The Grimm brothers published her story 1812 as Tale 53 in Grimms’ Fairy Tales. Present in that first version were the Evil Queen, the seven dwarfs, a poison apple, a magic mirror, and the icky glass coffin. With only a few changes, the Grimm plot is surprisingly close to that of the Disney feature…

In the *2nd and best known version of the Grimm tale, a queen shallowly wishes for a daughter ‘with skin as white as snow (yikes..this explains why Nazis used the original story in teaching their master race theory to German children), lips as red as blood, and hair as black as ebony’, then promptly dies in childbirth. As is the custom in old fairy tales, the father picks his second wife very badly. *In the original version of the story, the cruel, evil mother was Snow White’s biological mother, but it is believed they changed that to make the story more palatable to kids…

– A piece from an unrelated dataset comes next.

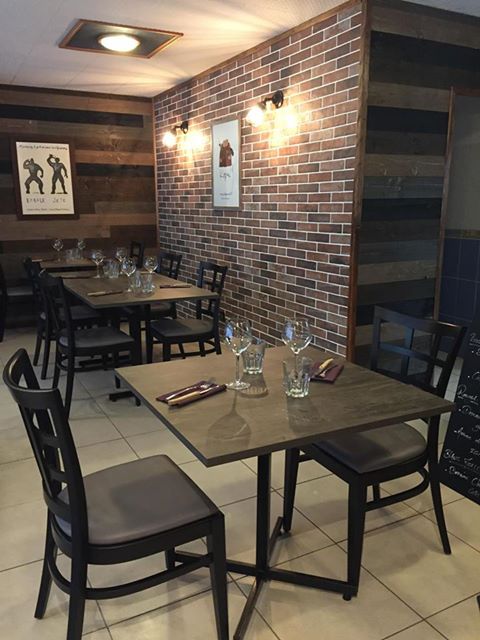 Pizzeria a vendre , emplacement No 1 dans une ville côtière dynamique , située au centre d'une ville vivante et commerçante , bénéficiant d'un fort passage tout au long de l'année.
Bonne rentabilité , clientèle fidèle , régulière et diversifiée , activité en place avec fort potentiel de développement , possibilité de création d'un autre concept de restauration ( crêperie , kebab , ou cuisine du monde ) et d'installer une terrasse 
Une belle opportunité pour un porteur de projet ou un couple souhaitant s'installer dans un cadre agréable tout en développant une activité rentable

After seven years of the new queen’s mirror telling her she is ‘the fairest one of all’, the hyper-honest mirror informs her that Snow White has usurped the title.

“Bring Back her Heart” limited edition by Jim Salvati

The queen tasks a huntsman to kill this attractive 7-year-old (?) and bring back, not her heart, but her lungs and liver (which, by the way, in the tradition of the best cannibal queens, she plans to eat..), but he can’t bring himself to do it. Snow runs into the forest, finds the dwarf cottage, and falls asleep in one of their beds. They find her after searching for a prowler, and she explains she had to escape to save her life. The dwarfs say she can stay if she works as their housemaid (child labor laws having yet to be invented..). Ten years pass, and she has grown even more beautiful. When the queen queries her mirror, it tells her Snow White is still top of list and hiding out with the dwarfs.

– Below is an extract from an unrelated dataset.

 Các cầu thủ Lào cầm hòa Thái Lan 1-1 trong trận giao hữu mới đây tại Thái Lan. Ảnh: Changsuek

Gathering Flowers by Lisa Keene
Gathering Flowers by Disney concept artist Lisa Keene

The queen decides to kill Snow White herself. First, disguised as a peddler, she offers Snow silky bodices as a present, and laces them so tightly that the teen collapses.

Original art of the Queen and hag from Disney publishing. Stories of the crone archetype believing themselves less-than certainly persist!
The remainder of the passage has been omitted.